Christanti, hereby incorporated herein by reference in its
entirety. It is understood that any equations can be used to model
a fluid flow and a heat transfer in the wellbore and adjacent
formation, as appreciated by one skilled in the art of wellbore
treatment. It is further understood that the processor 16 may
execute a variety of functions such as controlling various settings
of the sensor 14 and the fluid injector 12, for example.
[0018] A temperature of the injected fluid is typically lower than
a temperature of each of the layers of the formation. Throughout
the injection period, the colder fluid removes thermal energy from
the wellbore and surrounding areas of the formation. Typically, the
higher the inflow rate into the formation, the greater the injected
fluid volume (i.e. its penetration depth into the formation), and
the greater the cooled region. In the case of hydraulic fracturing,
the injected fluid enters the created hydraulic fracture and cools
the region adjacent to the fracture surface. When pumping stops,
the heat conduction from the reservoir gradually warms the fluid in
the wellbore. Where a portion of the formation does not receive
inflow during injection will warm back faster due to a smaller
cooled region, while the formation that received greater inflow
warms back more slowly.
[0019] After injection of fluid into the well, wait a predetermined
period of time before shitting in the well. While waiting, any
number of operations may be performed except injecting fluid that
is comparable to the total heat transfer of hydraulic fracturing
into the well. Some operations, for example, include to plug or
ball-seat drill outs, clean-outs, produced, cased hole logging
runs, etc.
[0020] FIG. 3 illustrates a graphical plot 48 of the temperature
profiles normal to fracture at various time periods. The region
near the well warms up quickly just after the injection period
ends, but the temperature at the well is still about 15.degree. F.

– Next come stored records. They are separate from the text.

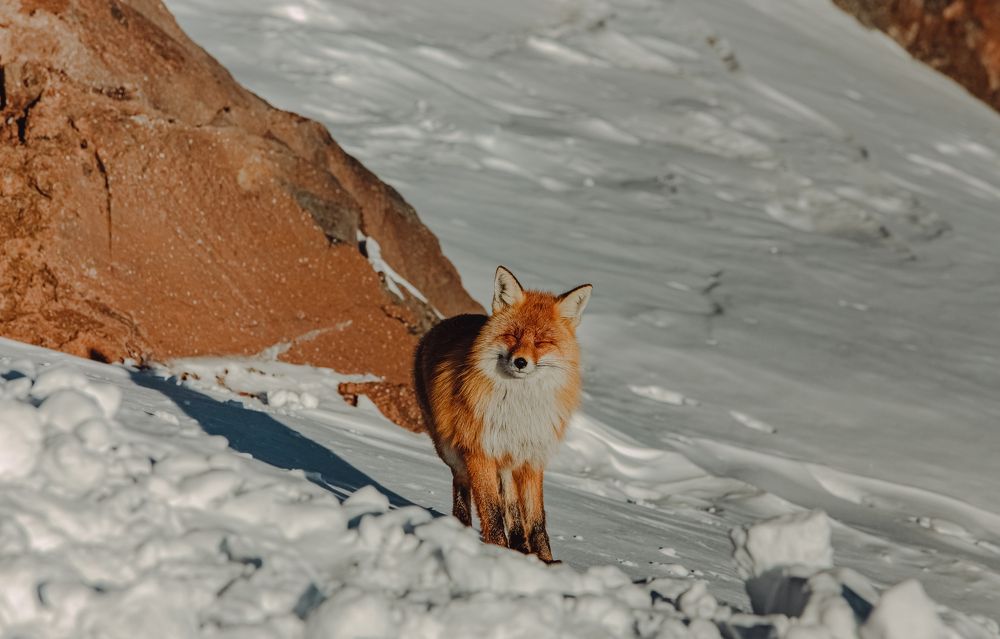 Photograph by Ксения Кузнецова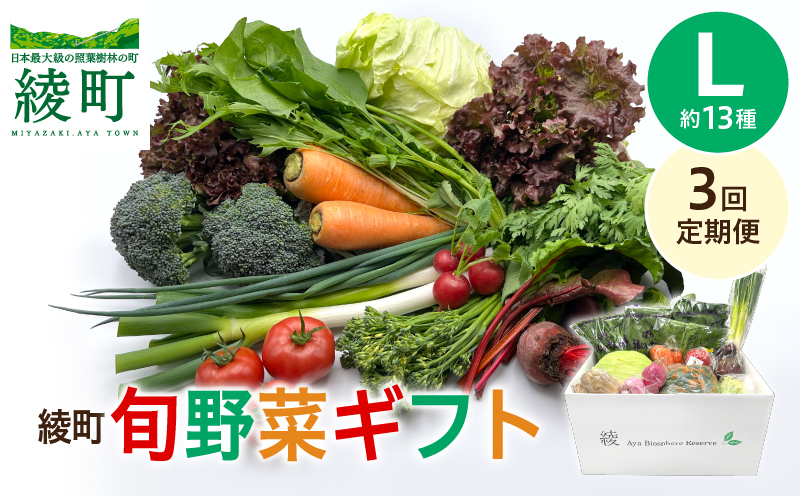 綾町旬野菜ギフト（Lサイズ）【全３回定期便】 全3回【定期便】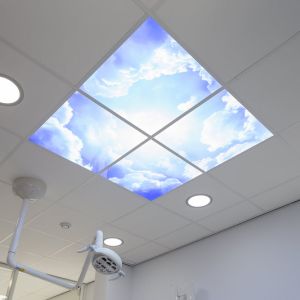 Fotoprintsky - sæt med 2 akrylplader med print, til 60x60 cm LED paneler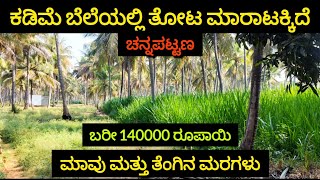 4 ACRE CHEAP PRICE FARM LAND SALE IN CHANNAPATNA,#farmland COCONUT&MANGO TREES #99acres #agriculture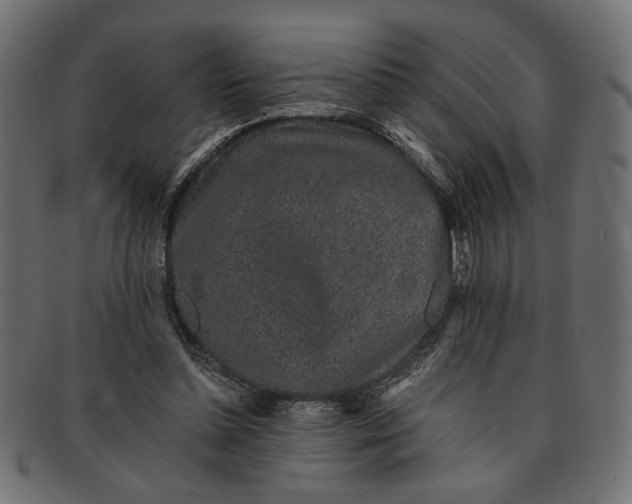 X0000091680348200709201243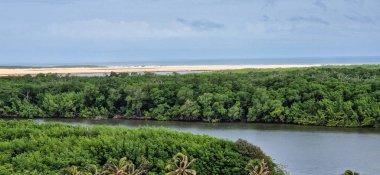 Barreirinhas, Lencois Maranhenses 'ten Brezilya' daki Preguica Nehri 'ne tekne gezisi. Preguicas Nehri, Maranhao eyaletinin Lencois Maranhenses bölgesinde yer alan bir su yolu..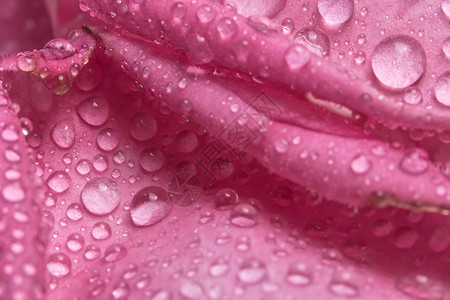粉红玫瑰花瓣上的背景宏观水滴子飞沫粉色背景图片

less than the initial reservoir temperature.
[0021] In closing, it should be noted that the discussion of any
reference is not an admission that it is prior art to the present
invention, especially any reference that may have a publication
date after the priority date of this application. At the same time,
each and every claim below is hereby incorporated into this
detailed description or specification as a additional embodiments
of the present invention.
[0022] Although the systems and processes described herein have
been described in detail, it should be understood that various
changes, substitutions, and alterations can be made without
departing from the spirit and scope of the invention as defined by
the following claims. Those skilled in the art may be able to study
the preferred embodiments and identify other ways to practice the
invention that are not exactly as described herein. It is the
intent of the inventors that variations and equivalents of the
invention are within the scope of the claims while the description,
abstract and drawings are not to be used to limit the scope of the
invention. The invention is specifically intended to be as broad as
the claims below and their equivalents.